(DATA PROVIDED)
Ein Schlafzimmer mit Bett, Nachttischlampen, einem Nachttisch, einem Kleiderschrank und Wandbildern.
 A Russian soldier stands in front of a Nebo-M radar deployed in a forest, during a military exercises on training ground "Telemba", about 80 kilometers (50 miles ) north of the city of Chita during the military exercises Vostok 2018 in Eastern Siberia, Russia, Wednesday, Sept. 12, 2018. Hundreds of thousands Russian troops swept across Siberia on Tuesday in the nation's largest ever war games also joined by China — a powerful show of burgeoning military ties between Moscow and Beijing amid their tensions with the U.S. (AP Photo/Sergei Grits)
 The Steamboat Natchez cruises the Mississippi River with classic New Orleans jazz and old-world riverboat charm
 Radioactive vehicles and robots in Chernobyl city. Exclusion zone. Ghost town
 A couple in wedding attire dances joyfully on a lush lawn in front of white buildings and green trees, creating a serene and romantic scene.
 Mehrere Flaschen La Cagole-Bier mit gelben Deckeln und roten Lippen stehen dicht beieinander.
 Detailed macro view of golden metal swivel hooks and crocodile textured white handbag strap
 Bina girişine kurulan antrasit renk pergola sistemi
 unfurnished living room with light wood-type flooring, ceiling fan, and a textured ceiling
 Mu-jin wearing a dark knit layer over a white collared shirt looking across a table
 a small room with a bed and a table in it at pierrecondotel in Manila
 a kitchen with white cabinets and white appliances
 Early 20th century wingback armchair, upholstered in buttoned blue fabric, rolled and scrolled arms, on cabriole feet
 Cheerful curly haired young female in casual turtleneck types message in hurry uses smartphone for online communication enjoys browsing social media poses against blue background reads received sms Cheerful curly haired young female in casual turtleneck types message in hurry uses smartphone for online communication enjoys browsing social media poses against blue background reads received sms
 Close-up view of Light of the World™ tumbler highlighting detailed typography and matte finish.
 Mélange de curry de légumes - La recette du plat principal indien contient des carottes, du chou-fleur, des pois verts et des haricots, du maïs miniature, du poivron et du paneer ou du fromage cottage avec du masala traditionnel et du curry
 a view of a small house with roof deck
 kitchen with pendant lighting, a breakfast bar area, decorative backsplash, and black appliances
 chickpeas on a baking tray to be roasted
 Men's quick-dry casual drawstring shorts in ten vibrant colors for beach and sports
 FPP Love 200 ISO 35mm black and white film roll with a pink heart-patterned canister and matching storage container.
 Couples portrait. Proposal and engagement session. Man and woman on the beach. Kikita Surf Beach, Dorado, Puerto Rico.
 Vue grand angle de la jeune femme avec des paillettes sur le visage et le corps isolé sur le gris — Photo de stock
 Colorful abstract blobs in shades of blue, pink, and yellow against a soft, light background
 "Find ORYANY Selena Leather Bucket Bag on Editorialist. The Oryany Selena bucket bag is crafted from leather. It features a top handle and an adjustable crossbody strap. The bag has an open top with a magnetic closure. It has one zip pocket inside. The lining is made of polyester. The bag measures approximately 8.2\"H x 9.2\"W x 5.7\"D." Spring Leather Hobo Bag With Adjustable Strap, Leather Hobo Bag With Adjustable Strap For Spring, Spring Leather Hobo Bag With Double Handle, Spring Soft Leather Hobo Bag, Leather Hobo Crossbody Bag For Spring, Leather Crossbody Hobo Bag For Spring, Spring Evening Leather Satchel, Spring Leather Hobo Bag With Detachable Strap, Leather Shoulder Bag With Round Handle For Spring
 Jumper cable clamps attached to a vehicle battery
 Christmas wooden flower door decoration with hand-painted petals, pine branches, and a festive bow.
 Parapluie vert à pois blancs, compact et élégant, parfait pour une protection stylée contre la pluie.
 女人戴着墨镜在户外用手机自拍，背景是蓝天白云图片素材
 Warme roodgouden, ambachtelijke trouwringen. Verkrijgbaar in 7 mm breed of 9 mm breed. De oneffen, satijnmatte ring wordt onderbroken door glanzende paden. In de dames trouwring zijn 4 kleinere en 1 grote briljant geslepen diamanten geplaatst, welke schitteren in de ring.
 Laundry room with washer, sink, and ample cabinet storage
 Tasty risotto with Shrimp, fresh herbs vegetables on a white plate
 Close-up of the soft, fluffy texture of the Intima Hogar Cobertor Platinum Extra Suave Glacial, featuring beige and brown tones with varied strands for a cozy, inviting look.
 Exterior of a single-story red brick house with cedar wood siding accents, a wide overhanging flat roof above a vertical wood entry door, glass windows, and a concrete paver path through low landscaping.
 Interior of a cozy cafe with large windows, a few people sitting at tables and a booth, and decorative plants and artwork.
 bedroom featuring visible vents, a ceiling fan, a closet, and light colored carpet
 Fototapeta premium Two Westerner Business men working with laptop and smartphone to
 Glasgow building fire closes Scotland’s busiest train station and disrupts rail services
(End DATA PROVIDED)
_WHAT YOU SHOULD DO_
Output the entire listing precisely as it stands.

_WRITTEN RESPONSE_
Ein Schlafzimmer mit Bett, Nachttischlampen, einem Nachttisch, einem Kleiderschrank und Wandbildern.
 A Russian soldier stands in front of a Nebo-M radar deployed in a forest, during a military exercises on training ground "Telemba", about 80 kilometers (50 miles ) north of the city of Chita during the military exercises Vostok 2018 in Eastern Siberia, Russia, Wednesday, Sept. 12, 2018. Hundreds of thousands Russian troops swept across Siberia on Tuesday in the nation's largest ever war games also joined by China — a powerful show of burgeoning military ties between Moscow and Beijing amid their tensions with the U.S. (AP Photo/Sergei Grits)
 The Steamboat Natchez cruises the Mississippi River with classic New Orleans jazz and old-world riverboat charm
 Radioactive vehicles and robots in Chernobyl city. Exclusion zone. Ghost town
 A couple in wedding attire dances joyfully on a lush lawn in front of white buildings and green trees, creating a serene and romantic scene.
 Mehrere Flaschen La Cagole-Bier mit gelben Deckeln und roten Lippen stehen dicht beieinander.
 Detailed macro view of golden metal swivel hooks and crocodile textured white handbag strap
 Bina girişine kurulan antrasit renk pergola sistemi
 unfurnished living room with light wood-type flooring, ceiling fan, and a textured ceiling
 Mu-jin wearing a dark knit layer over a white collared shirt looking across a table
 a small room with a bed and a table in it at pierrecondotel in Manila
 a kitchen with white cabinets and white appliances
 Early 20th century wingback armchair, upholstered in buttoned blue fabric, rolled and scrolled arms, on cabriole feet
 Cheerful curly haired young female in casual turtleneck types message in hurry uses smartphone for online communication enjoys browsing social media poses against blue background reads received sms Cheerful curly haired young female in casual turtleneck types message in hurry uses smartphone for online communication enjoys browsing social media poses against blue background reads received sms
 Close-up view of Light of the World™ tumbler highlighting detailed typography and matte finish.
 Mélange de curry de légumes - La recette du plat principal indien contient des carottes, du chou-fleur, des pois verts et des haricots, du maïs miniature, du poivron et du paneer ou du fromage cottage avec du masala traditionnel et du curry
 a view of a small house with roof deck
 kitchen with pendant lighting, a breakfast bar area, decorative backsplash, and black appliances
 chickpeas on a baking tray to be roasted
 Men's quick-dry casual drawstring shorts in ten vibrant colors for beach and sports
 FPP Love 200 ISO 35mm black and white film roll with a pink heart-patterned canister and matching storage container.
 Couples portrait. Proposal and engagement session. Man and woman on the beach. Kikita Surf Beach, Dorado, Puerto Rico.
 Vue grand angle de la jeune femme avec des paillettes sur le visage et le corps isolé sur le gris — Photo de stock
 Colorful abstract blobs in shades of blue, pink, and yellow against a soft, light background
 "Find ORYANY Selena Leather Bucket Bag on Editorialist. The Oryany Selena bucket bag is crafted from leather. It features a top handle and an adjustable crossbody strap. The bag has an open top with a magnetic closure. It has one zip pocket inside. The lining is made of polyester. The bag measures approximately 8.2\"H x 9.2\"W x 5.7\"D." Spring Leather Hobo Bag With Adjustable Strap, Leather Hobo Bag With Adjustable Strap For Spring, Spring Leather Hobo Bag With Double Handle, Spring Soft Leather Hobo Bag, Leather Hobo Crossbody Bag For Spring, Leather Crossbody Hobo Bag For Spring, Spring Evening Leather Satchel, Spring Leather Hobo Bag With Detachable Strap, Leather Shoulder Bag With Round Handle For Spring
 Jumper cable clamps attached to a vehicle battery
 Christmas wooden flower door decoration with hand-painted petals, pine branches, and a festive bow.
 Parapluie vert à pois blancs, compact et élégant, parfait pour une protection stylée contre la pluie.
 女人戴着墨镜在户外用手机自拍，背景是蓝天白云图片素材
 Warme roodgouden, ambachtelijke trouwringen. Verkrijgbaar in 7 mm breed of 9 mm breed. De oneffen, satijnmatte ring wordt onderbroken door glanzende paden. In de dames trouwring zijn 4 kleinere en 1 grote briljant geslepen diamanten geplaatst, welke schitteren in de ring.
 Laundry room with washer, sink, and ample cabinet storage
 Tasty risotto with Shrimp, fresh herbs vegetables on a white plate
 Close-up of the soft, fluffy texture of the Intima Hogar Cobertor Platinum Extra Suave Glacial, featuring beige and brown tones with varied strands for a cozy, inviting look.
 Exterior of a single-story red brick house with cedar wood siding accents, a wide overhanging flat roof above a vertical wood entry door, glass windows, and a concrete paver path through low landscaping.
 Interior of a cozy cafe with large windows, a few people sitting at tables and a booth, and decorative plants and artwork.
 bedroom featuring visible vents, a ceiling fan, a closet, and light colored carpet
 Fototapeta premium Two Westerner Business men working with laptop and smartphone to
 Glasgow building fire closes Scotland’s busiest train station and disrupts rail services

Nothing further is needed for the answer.